Good time of day.
There are large amounts of data, ~40-45ГБ day, 25-30K lines per second, the recording is continuous.
The final volume may consist of 50-70ТБ.
Samples mostly have the form timestamp > date_1 && timestamp < date_2 && data == value*
What DB would you recommend? What response can you expect ?
Very nice bonus is if the database can compress data.
Will add the second option, which is a compression method with the so-called free seek through the file.
Put a file hourly (for example) - new hours - new file. Then pack your bags.
For timestamp you can take 2 bytes (as within hours). See if value can be reduced.

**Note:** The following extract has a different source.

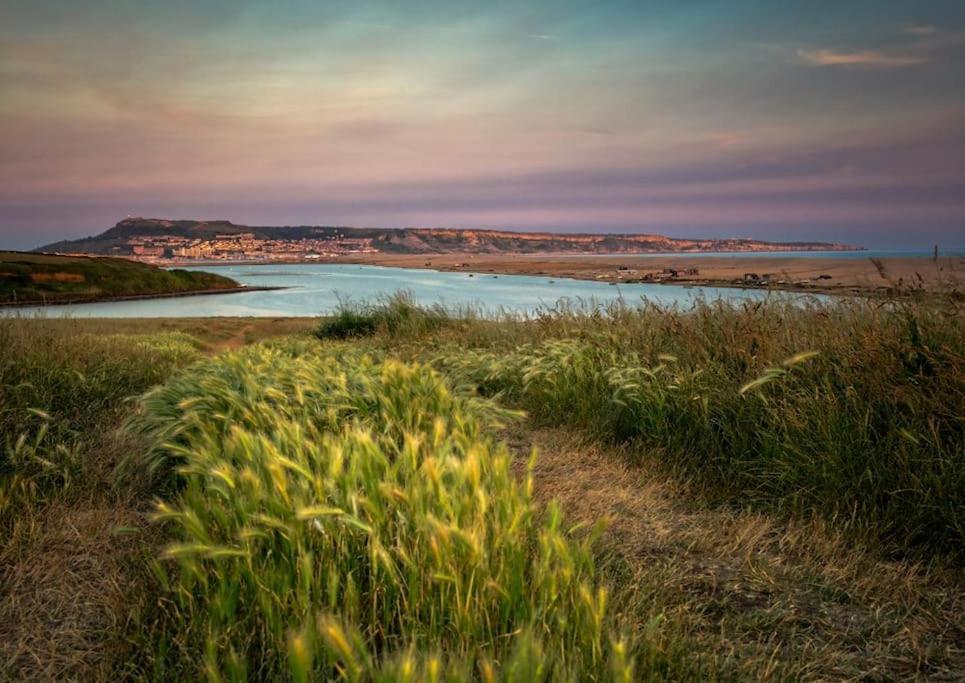 Luxurious Beach House Chesil Beach. Sleeps 6 Castletown  Exteriör bild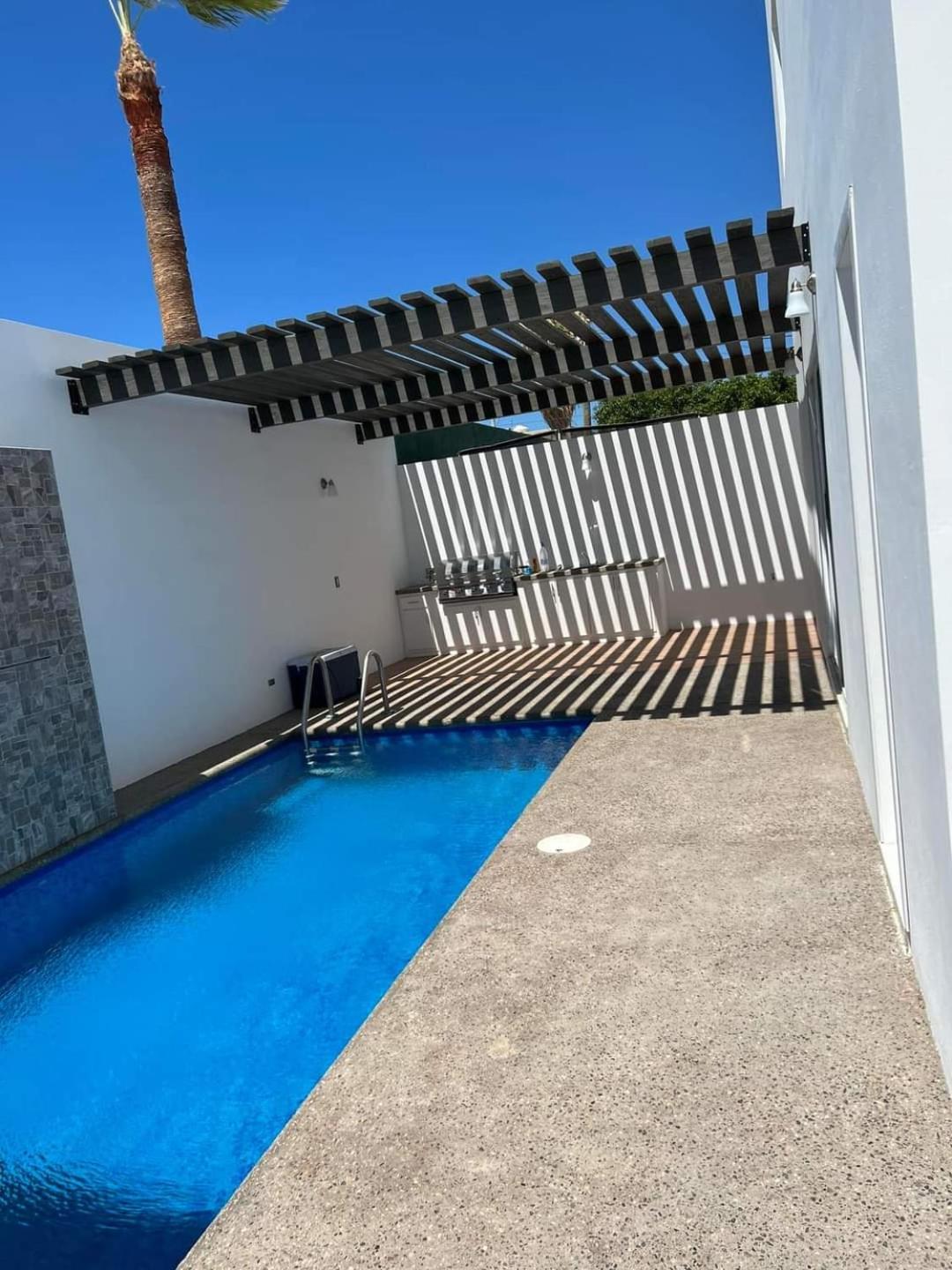 DORADO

Even if you write 16 bytes then a modern HDD (150Mb/s) can save ~9mn records per second (with your 30K right)
Will only make Tulsa which will be according to your requirements to get the data.
Files can be stored on disk in a file DB in GridFS which will Arditi them across the cluster.
Yandex Elliptics (currently only compiles easily under Ubuntu 14.04 and the corresponding generation of Debian) - no database, and distributed storage DHT. But she knows how to scale and replicate and recover. Your business will only connect the new servers to it (or the drives on the server).
Aida.Windler answered on July 9th 19 at 13:23
You hadoop cluster to deploy the required architecture and design based on message delivery database with a mediator, and all your terabytes in the logs gzip keep well or cluster in the hive. In short, this question is not for a toaster. You freelance platform for devops'AMI need to experience You have in the course of these issues.